Wednesday, 20 August 2008

Electric boat conversion - drive bearing


This bit certainly isn't unique to our conversion - it's a version of an "Aquadrive" bearing used to connect the drive shaft from the electric drive motor to the prop shaft.

In the photo, the drive shaft from the motor is coming up from below into the (green) bearing, with the prop shaft going off at the top.

What is crucial to our conversion is, note, how the bearing casing is bolted to a strut connected to the boat's "chassis" - so all thrusts (forward or reverse) from the propellor are transmitted to the boat via this bearing (or other linear sudden thrusts)... leaving the drive motor to only have to provide the rotational torque for the propellor. There are NO propellor-created nasty forces on the motor bearings so expected and experienced wear on those is trivial.

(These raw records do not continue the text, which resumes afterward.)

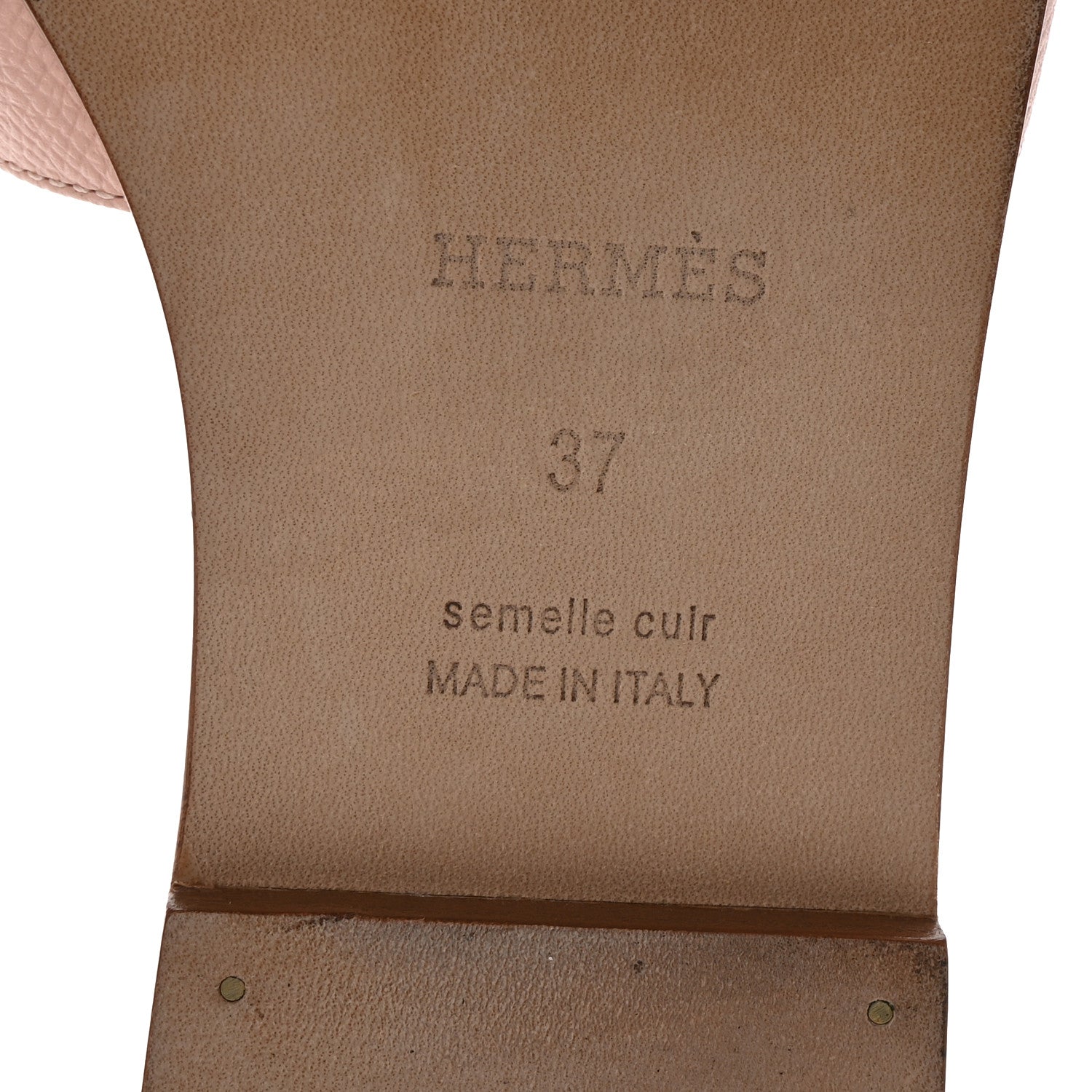 Hermes Epsom Oran Sandals 37 Rose Pale 7 of 10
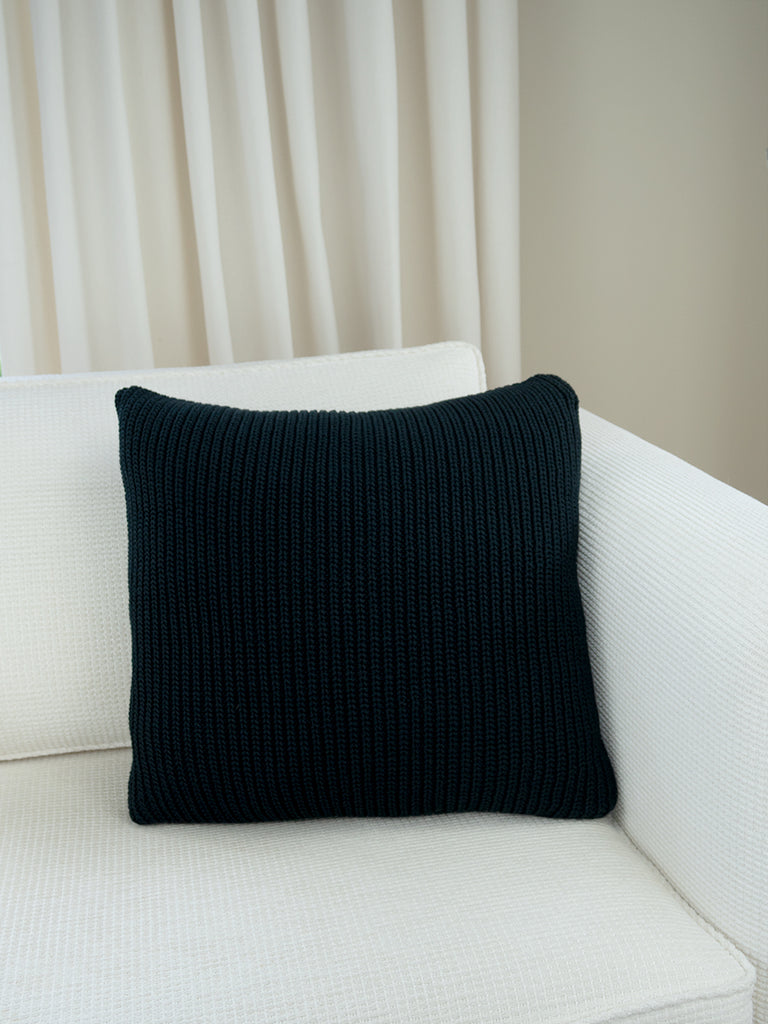 Fisherman Rib Knit Pillow Cover, Black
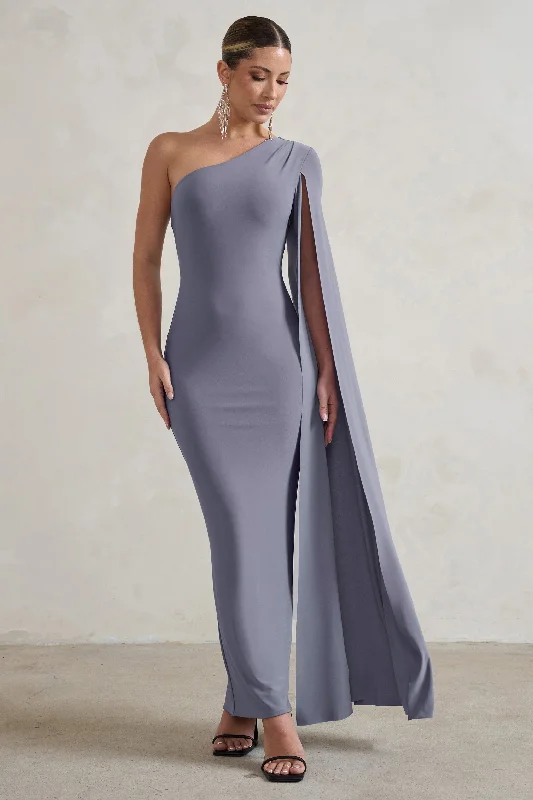 Shift Women Dress with a Simple and Classic Design for Everyday WearDominique | Grey One Shoulder Cape Sleeve Bodycon Maxi Dress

In practice, even at high power, the electric drive creates absolutely NO vibration (although there's a lot of water noise - especially water cavitation noises under the stern which sound quite like an angle grinder at top speeds!) At normal cruising speeds the drive is almost totally noiseless except for a slight electronic whine from the speed-control electronics.

The lack of vibration is quite startling - if one observes the top of a cup of coffee placed on the gas box above the deck, the surface of the coffee is totally still. And this is also true if the generator is running. Quite a result!